# Stopping Your Metal Drip Tray Rattling



## antinwales (Jan 16, 2021)

This rattling was driving me mad, and six of these little pads for £3 has fixed it.
Thanks for who recommended these - apologies for not remembering who it was!

https://www.ebay.co.uk/itm/Small-CLEAR-RUBBER-FEET-BLACK-CLEAR-SELF-ADHESIVE-Sticky-Pads-DOMED-BUMPERS/233733431198


----------



## DavecUK (Aug 6, 2013)

Great idea and I'll bet it was @MediumRoastSteam. I have used a sticky hi density foam tape on machines for almost 17 years, but it's very expensive. A friend gave me a couple of large spools, they used it in manufacturing trailer bodies used outdoors. These look a much better idea, and the clear ones are pretty much invisible.


----------



## MediumRoastSteam (Jul 7, 2015)

I did that based on what I saw on the MaraX and what you did @DavecUK. Then I opened one of my drawers and found what was useful... currently, I have furtinute pads on the grill over the drip tray. The Elizabeth have rubber pads on the chassis rim where the drip tray sits on. 👍


----------



## 27852 (Nov 8, 2020)

antinwales said:


> This rattling was driving me mad, and six of these little pads for £3 has fixed it.
> Thanks for who recommended these - apologies for not remembering who it was!
> 
> https://www.ebay.co.uk/itm/Small-CLEAR-RUBBER-FEET-BLACK-CLEAR-SELF-ADHESIVE-Sticky-Pads-DOMED-BUMPERS/233733431198


 I've been meaning to get some of these, what size did you go for?


----------



## eamon (Jun 30, 2020)

Do you use the water filter/softener that came with the machine?

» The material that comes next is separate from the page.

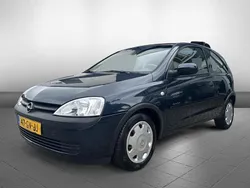 Blauw Gebruikt 2001 Opel Corsa Comfort Hatchback | € 4.250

I found the rattling was reduced also by having this attached to the hose.


----------



## 7877 (Aug 14, 2014)

Sorry to be a bit thick but where did you stick them exactly?

The tray in my bianca doesn't sit perfectly level, sometimes rattles a bit , it's at the back corners where it slides under the edge of the main body of the machine. Also the main body has left a mark on the mirrored finish of the tray at that point although you don't see it unless you take the tray out.

I'd considered putting a small piece of that non-slip mat there, but not got round to it as I didn't know how I'd stop it from keeping fallling out


----------